++++ Source data ++++

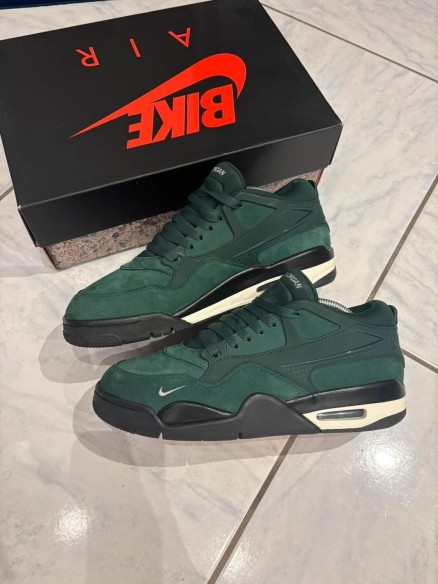Nike Air Jordan 4 RM Low Nigel Sylvester grandmother's alley vert noir taille 43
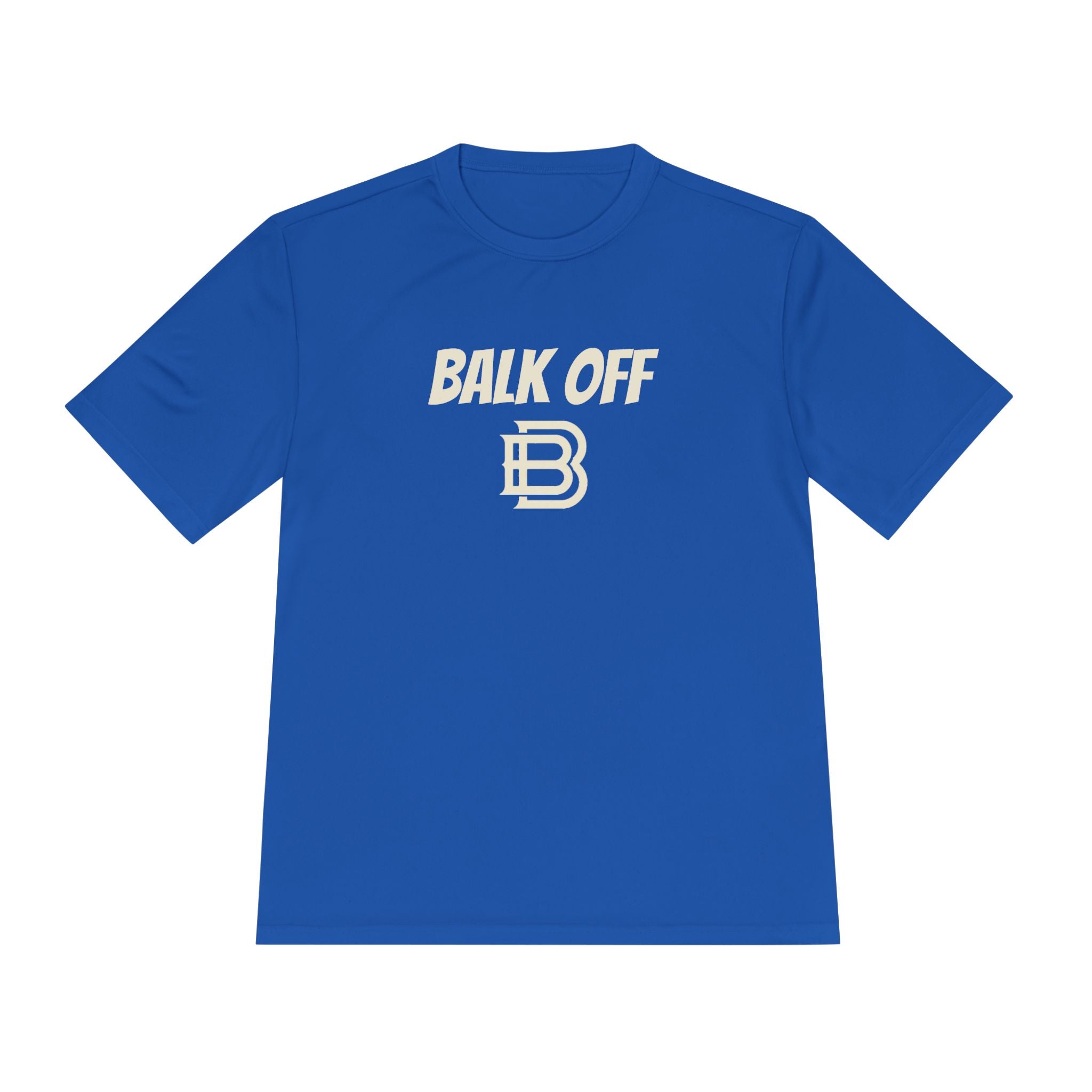 Balk Brand —  "BALK OFF" Baseball Shirt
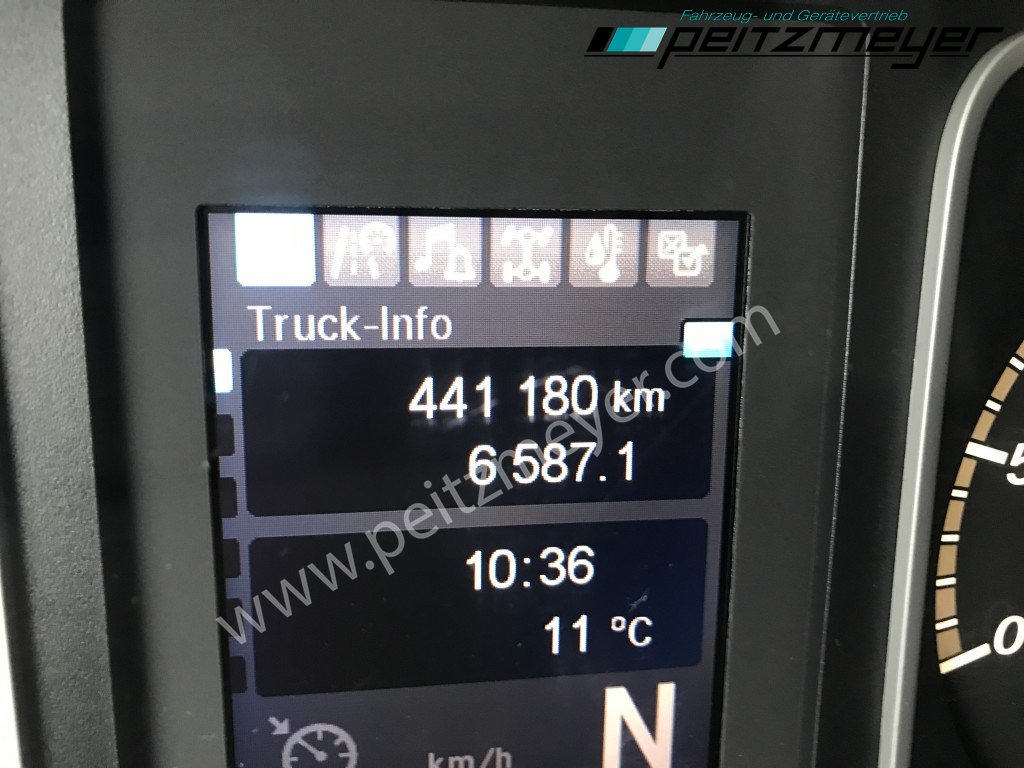 Грузовик с закрытым кузовом MERCEDES-BENZ Atego 818 L Koffer + LBW Euro 6, Klima, AHK,: фото 9 Грузовик с закрытым кузовом MERCEDES-BENZ Atego 818 L Koffer + LBW Euro 6, Klima, AHK,: фото 9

++++

▶ _Task_: Begin at the line containing "Balk Brand —" and restate exactly every line through the end of the material, skipping the pictures.

▶ _Task solution_:
 Balk Brand —  "BALK OFF" Baseball Shirt
 Грузовик с закрытым кузовом MERCEDES-BENZ Atego 818 L Koffer + LBW Euro 6, Klima, AHK,: фото 9 Грузовик с закрытым кузовом MERCEDES-BENZ Atego 818 L Koffer + LBW Euro 6, Klima, AHK,: фото 9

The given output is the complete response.